The great thing about PL is that it usually takes eons to build a “following” for the simple reason PL isn’t advertised. Product benefits and attributes have to be learned by trial. From that point of view Target doesn’t have much to lose.

By the same token they don’t have much to gain either. Facts are that they can only sell to their shoppers. One mistake that many have made in PL is to reduce alternative products (national brands). Target has already done this and, in fact I will no longer even go in their grocery section because the PL push is so strong (pushed me out of the store).

The only positive thing that will come out of a revamp of PL packaging is that they might hire a few more people.

Blake Elgren
Guest
Blake Elgren
7 years 4 months ago

As a father who shops at Target often and buys plenty of baby supplies, the new logo makes sense to me. When you walk down the child supplies aisle, you get bombarded by colors from every angle. This new “less is more” design does stand out on the shelf and is easy to differentiate from the other brands surrounding it. To me it looks more like an IKEA designed logo than a generic logo. Plus, it takes the Target name out of the picture which always has meant generic to me and had some of the worst private label packaging around.

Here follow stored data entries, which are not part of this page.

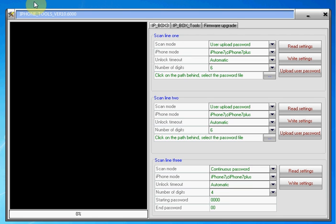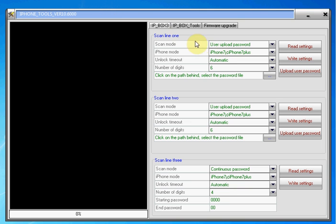Now on this box you'll notice you've got three USB ports which allows you to brute force the passcode on three different iPhone 7s or iPhone 7 Plus simultaneously. On the box itself there are three panels showing you the status of how that brute force is going. This software, as you'll no doubt have noticed, has got three panels as well, so you can separately program each panel to work differently for the iPhone that's connected to that particular section of the ipbox 3.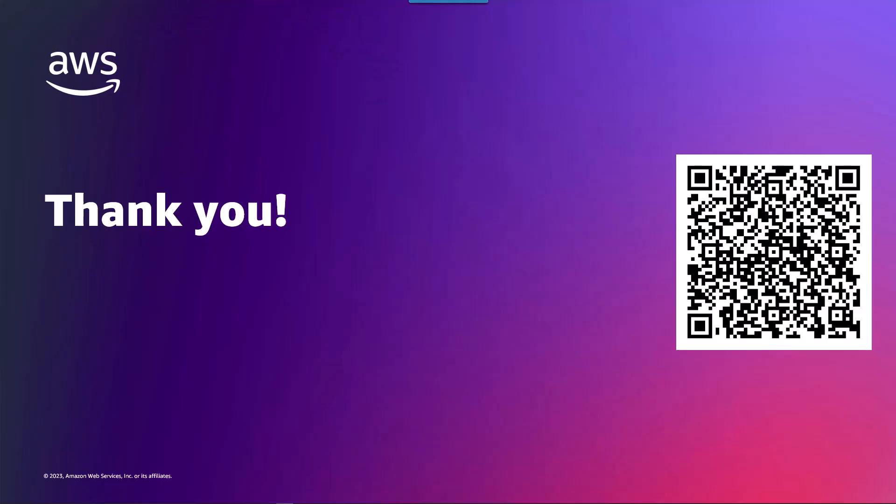I hope you found this video helpful. If you'd like to read the blog post demonstrated in this video feel free to scan the QR code you see on the screen. And please join us again for other Microsoft on AWS content available on this channel. Thank you again.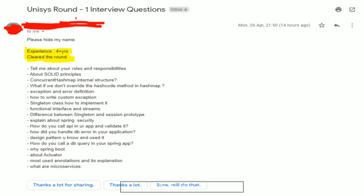Those were all the questions shared with us. You can see in the email: four years of experience, cleared the round. This was the Unisys Round 1 interview question set. Hope this video helped you.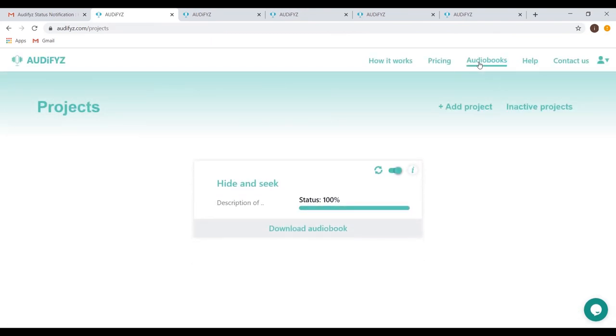After you've completed your audio book, check out our next video on how to publish it. This has been our How It Works video. The next step is to understand how to promote your audio book and manage your sales. Our next video gives you an outline of what to expect when you want to publish your creation. Check it out and thanks for watching.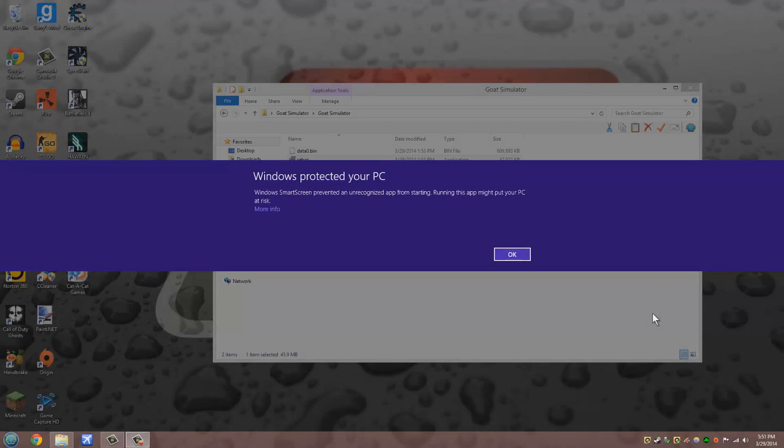Hey guys, have you ever got this popup from Windows saying that Windows SmartScreen prevented an unrecognized app from starting? If you ever got this, keep watching this tutorial. Let's get started.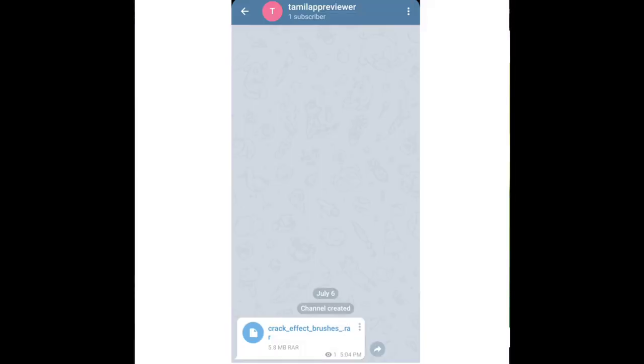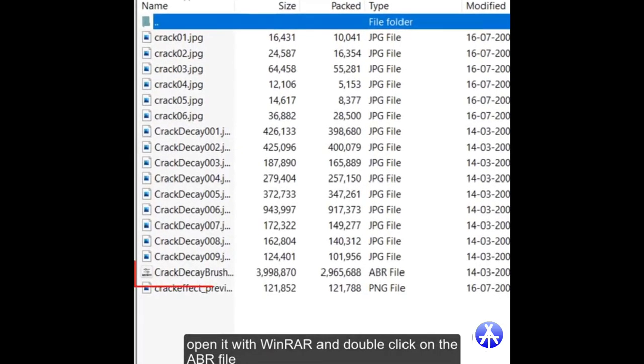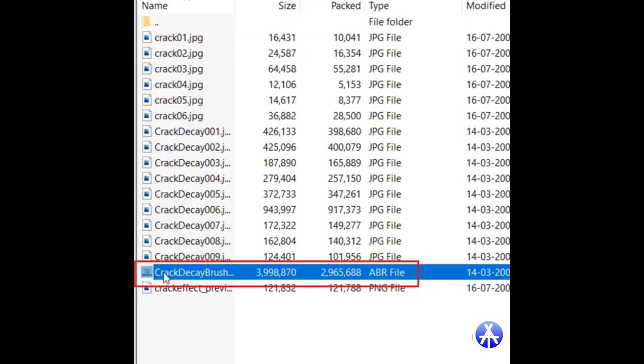First go to my Telegram channel and download this brush. Open it in WinRAR and double click on the ABR file.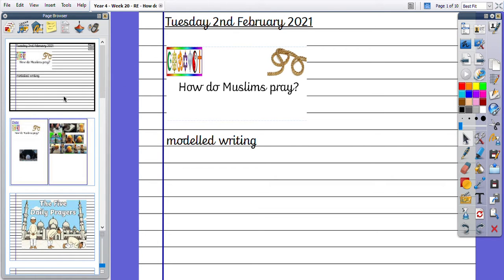Good afternoon. For our RE today we are learning about how do Muslims pray. You can choose your modelled writing today. Tell me a fact you know about prayer, so it can be about one of the religions we've already looked at this term.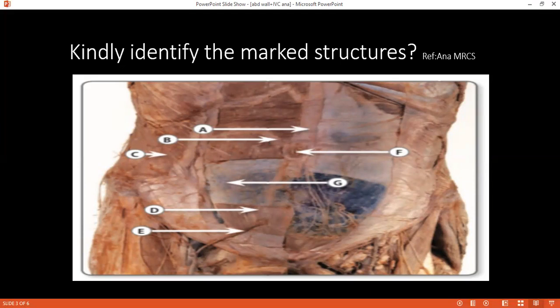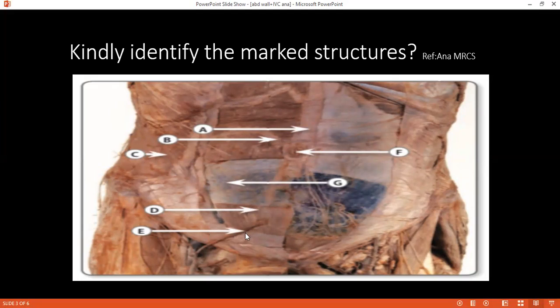B — I think it is the external oblique aponeurosis. Is it the aponeurosis or the muscle? It's a little bit blurred for me. C, please? C is the external oblique. Okay. Can you identify D, please? D is the rectus abdominis. Yes. Can you please identify E? E is the superficial inferior epigastric. Very good. F, please? F is the umbilicus. Very good.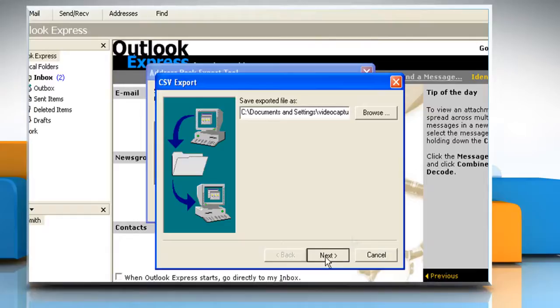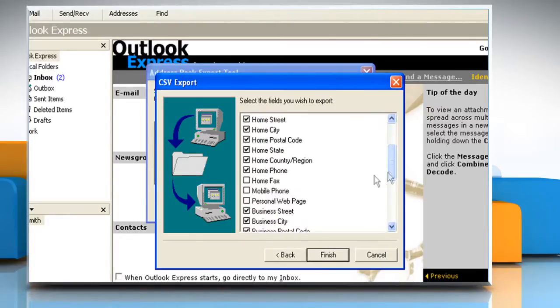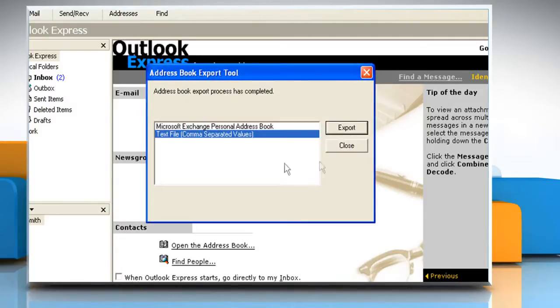Click Next. Click to select the checkboxes for the fields that you want to export, and then click Finish. Click OK and then click Close.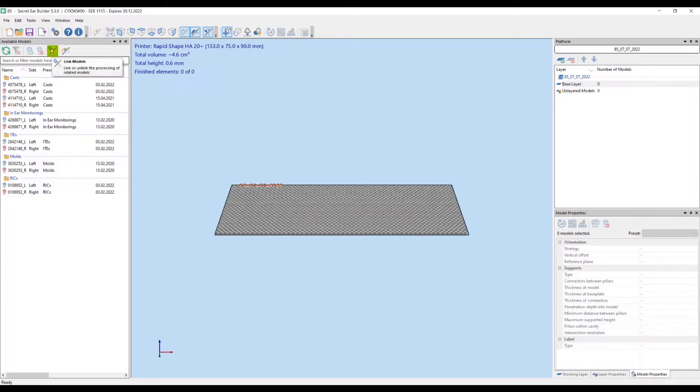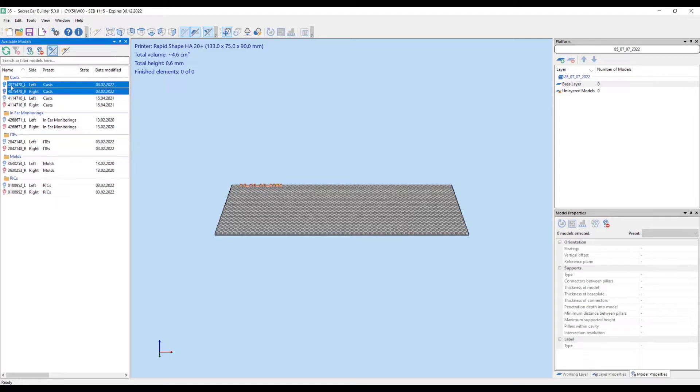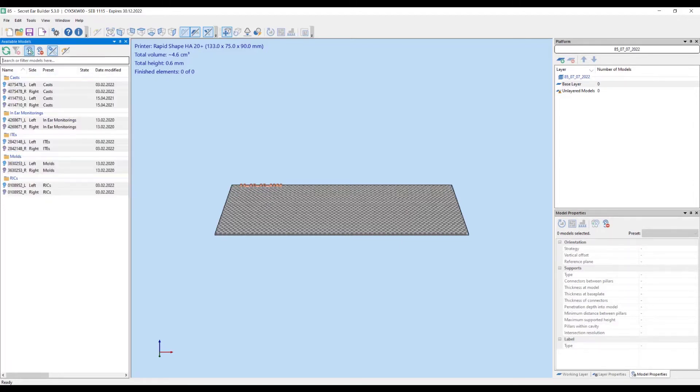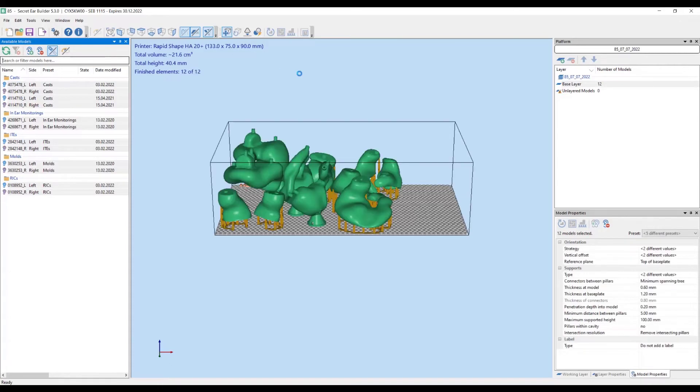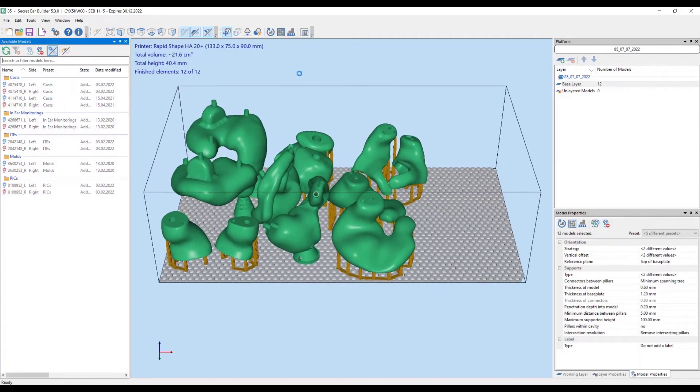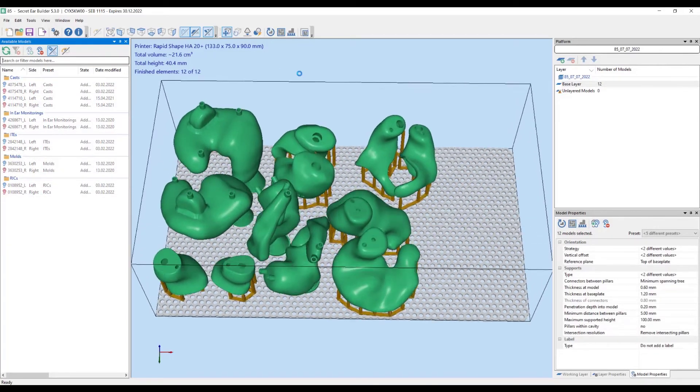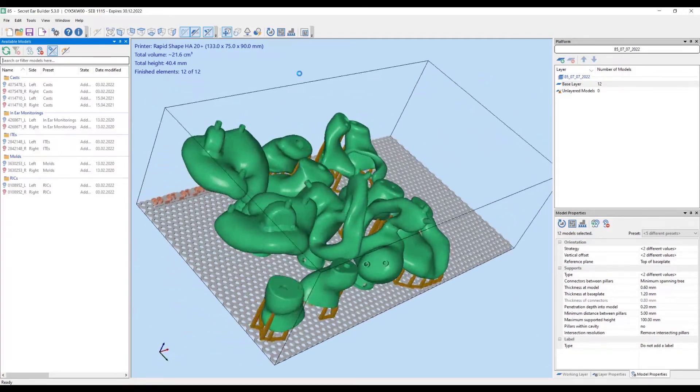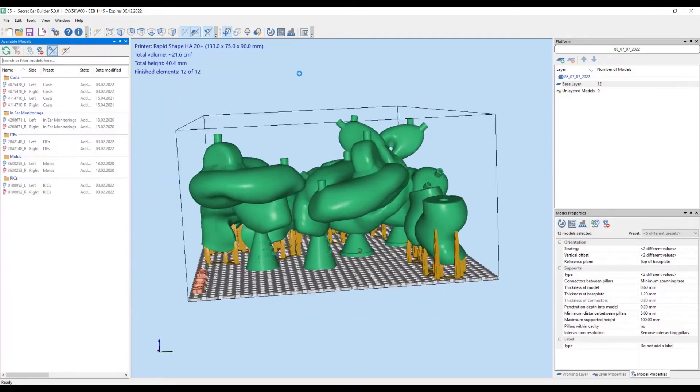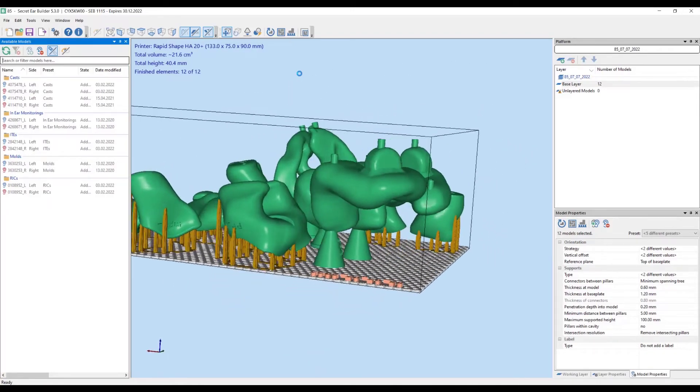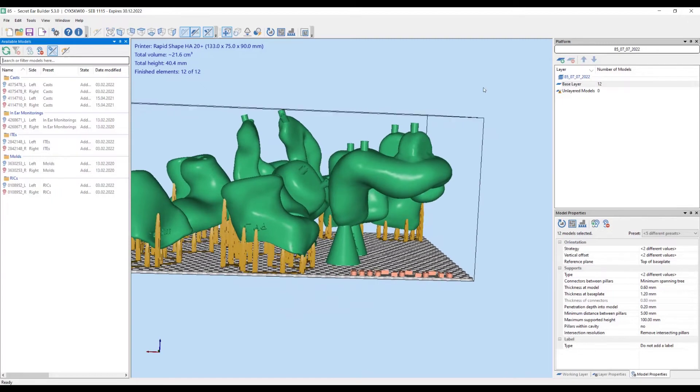We click on the link models button in order to make sure that the left and right ear piece belonging to the same person are processed together. All models are added to the platform. Those with cones are placed flush on the base plate. The others are placed with an offset and structures underpinning them are automatically created.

Target in my opinion has some of the highest quality private label products on the market, but maybe the Target logo on the box kept some customers from trying them out. This could be a winner for Target.

Ken Yee
Guest
Ken Yee
7 years 4 months ago

Looks like they’re trying the plain white look, which so many companies like Apple, Philips and countless others have done in the past 5 years. White packaging stood out when iPods came around, but on shelf it’s not so distinctive anymore. The art doesn’t look that great to me. But at least the font colours are blue. Think how much worse it would be if it was black lettering.

William Passodelis
Guest
William Passodelis
7 years 4 months ago

I hope it works for them.

Suzanne Morgan
Guest
Suzanne Morgan
7 years 2 months ago

The big change in the logo is the use of words. “Up & Up” suggests a whole lot more than the bulls-eye image and the timing for this message couldn’t be better. I am Canadian, but I imagine there are a lot of Americans shopping Target for their designer brands that can no longer afford them.

The new look aside, the message is clear. You can buy PL and don’t have to be embarrassed. Target does have quality PL products and I am sure they are more profitable than their designer brands. What a great way to keep their primary customer base happy and make more money in the process.